There were other versions of the tale. In one, Vasse was thought to have eventually been murdered. A ‘society in Paris’ was said to be offering a reward for the recovery of his bones – ‘the natives know where they are’, wrote one of the Swan River colony’s early settlers, Georgiana Molloy, in 1841.[3] In another, based on European features observed among Indigenous people around Geographe Bay, it was suggested that Vasse had fathered children with Wardandi women.[4]

Some attempts have since been made to resolve these conflicting possibilities. Among several books and articles on the subject[5] is one written by a descendant of Timothée Vasse. According to Alain Serieyx, family tradition holds that the lost sailor did survive and eventually return to France.[6] The book is a speculative fiction based on this belief but adds another thread to a fascinating tale. 

Whether or not Timothée Vasse lived, pined, and died as a lone white man on a distant continent will never be known for sure. Whatever his fate, his memory is preserved in the name of the Vasse River and of the Vasse region of southwestern Australia.


[1] Jean Fornasiero and John West-Sooby (transl. and eds.), French Designs on Colonial New South Wales: François Péron’s Memoir on the English Settlements in New Holland, Van Diemen’s Land and the Archipelagos of the Great Pacific OceanThe Friends of the State Library of South Australia Inc., Adelaide, 2014. 

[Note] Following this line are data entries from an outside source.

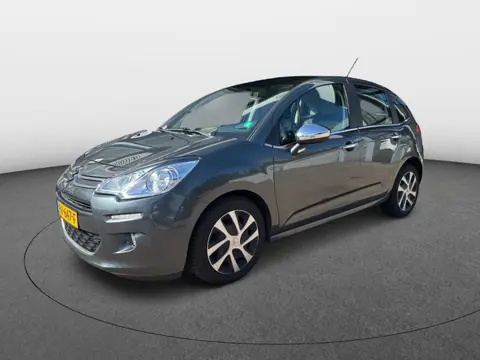 Citroen C3 1.2 PureTech NIEUWE RIEM AIRCO CRUISE CONTROL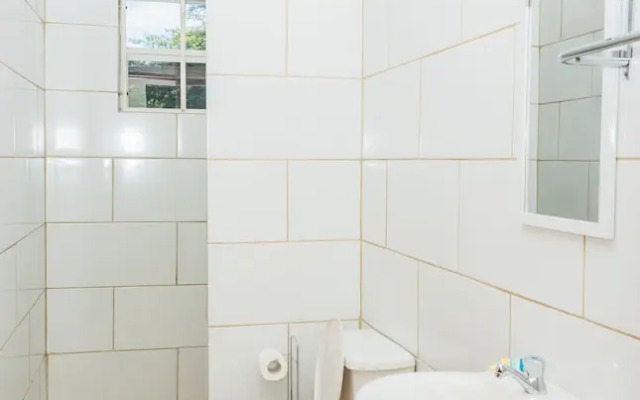 Aspid Studio & Apartment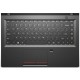 Lenovo Essential E31-80 2.3GHz i5-6200U 13.3" 1366 x 768Pixeles Negro Portátil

[2] The Perth Gazette and Western Australian Journal 5 May 1838, p. 71.

[3] Alexandra Hasluck, Georgiana Molloy: portrait with background, Oxford University Press, Melbourne, 1955.

[4] Oldfield, Augustus. “On the Aborigines of Australia.” Transactions of the Ethnological Society of London, vol. 3, 1865, pp. 215–98. JSTORhttps://doi.org/10.2307/3014165. Accessed July 2023, P. 219. Oldfield mistakenly thought Vasse was one of Baudin’s scientists, but his opinion was based on his own observations of the Geographe Bay area.

[5] Thomas Brendan Cullity, Vasse: An Account of the Disappearance of Thomas Timothée Vasse, 1992; Edward Duyker, ‘Timothée Vasse: A Biographical Note’, Institute for the Study of French-Australian Relations, https://www.isfar.org.au/wp-content/uploads/2016/10/51_EDWARD-DUYKER-Timoth%C3%A9e-Vasse-A-Biographical-Note.pdf, accessed July 2023; 

[6] Alain Serieyx, Wonnerup: the sacred dune, Abrolhos Publishing, Perth, c2001, translation [from the French] by David Maguire.